Price Segmentation Vs. Product Segmentation
Segmentation in marketing means dividing up a large target audience into smaller groups for efficient marketing and promotions. Product segmentation is a common approach in which you divide customers into groups based on potential use and interest in your products. Price segmentation is an alternative technique in which you segment customers based on price to optimize revenue and profits.
Price segmentation includes a variety of techniques aimed at getting the most profit possible form each customer. In hospitality, for instance, hotels, airlines and transportation companies charge premium prices during holidays or peak travel seasons because customers are willing to pay more. Similarly, airlines get more money from customers who pay more for first class seating. If effectively implemented, price segmentation optimizes revenue and profits. Advanced software systems often are used to adjust prices in real time or to set ideal price points over time.
Critics of price segmentation say it is nothing more than price discrimination -- companies taking advantage of customers in a position of great need who will pay to get that need met. You run the risk of alienating customers at either end of the spectrum. Premium customers may get upset if they are aware others are getting the same or similar products or services at lower prices. A customer paying a lower price may be offended if he sees others getting a better experience, even if they paid more money.

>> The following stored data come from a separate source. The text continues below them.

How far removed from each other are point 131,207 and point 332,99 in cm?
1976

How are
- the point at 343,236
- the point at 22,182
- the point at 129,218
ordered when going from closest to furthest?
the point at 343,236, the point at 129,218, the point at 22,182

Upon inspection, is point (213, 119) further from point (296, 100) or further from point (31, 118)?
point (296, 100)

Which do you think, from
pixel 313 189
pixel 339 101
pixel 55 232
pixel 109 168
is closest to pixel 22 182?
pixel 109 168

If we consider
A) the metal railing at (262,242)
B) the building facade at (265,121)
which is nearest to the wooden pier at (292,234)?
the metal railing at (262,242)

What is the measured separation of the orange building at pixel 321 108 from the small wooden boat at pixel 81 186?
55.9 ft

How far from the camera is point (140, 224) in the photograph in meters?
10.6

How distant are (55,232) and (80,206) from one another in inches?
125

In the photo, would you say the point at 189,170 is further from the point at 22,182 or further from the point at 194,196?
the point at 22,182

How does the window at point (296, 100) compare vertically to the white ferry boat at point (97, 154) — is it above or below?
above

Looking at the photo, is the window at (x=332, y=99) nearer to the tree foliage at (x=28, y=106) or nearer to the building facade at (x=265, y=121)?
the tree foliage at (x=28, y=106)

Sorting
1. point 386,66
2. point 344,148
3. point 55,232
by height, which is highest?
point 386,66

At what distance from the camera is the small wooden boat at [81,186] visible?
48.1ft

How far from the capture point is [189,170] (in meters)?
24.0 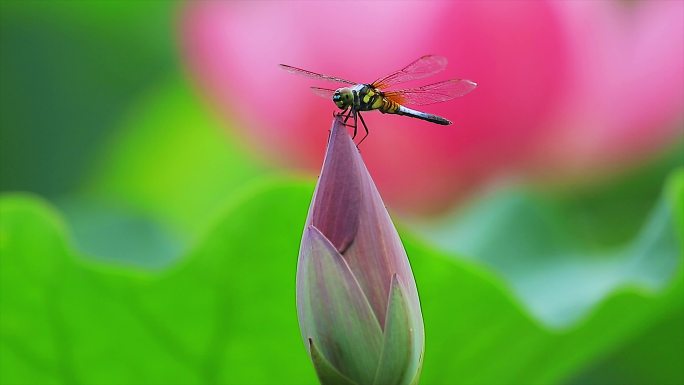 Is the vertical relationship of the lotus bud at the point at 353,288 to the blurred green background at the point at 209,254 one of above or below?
above

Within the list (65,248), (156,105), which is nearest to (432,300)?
(65,248)

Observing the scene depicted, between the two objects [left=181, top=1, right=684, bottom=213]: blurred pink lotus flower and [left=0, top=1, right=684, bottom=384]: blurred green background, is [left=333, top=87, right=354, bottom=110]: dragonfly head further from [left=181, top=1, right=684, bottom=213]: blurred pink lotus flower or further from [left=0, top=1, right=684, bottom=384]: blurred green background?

Product segmentation strategies target customer groups based on different needs or interests rather than price. For instance, cellphone retail outlets target customers looking for advanced media capabilities differently than they do customers who want basic phone and texting packages. This segmentation approach allows a company to reach a larger total market by offering different product or service benefits to customers who want different things. You also can generate higher profit margins by customizing solutions that best suit each customer.
The costs to promote variations of a product can be expensive because you must target each market segment individually. You actually may invest more than is necessary by trying to be too precise. If you make two separate product offerings for two markets that both could be satisfied with one, your segmentation isn't cost-effective. Multiple product offerings and variable promotional messages also go against efforts to build a consistent and recognizable brand image for your products.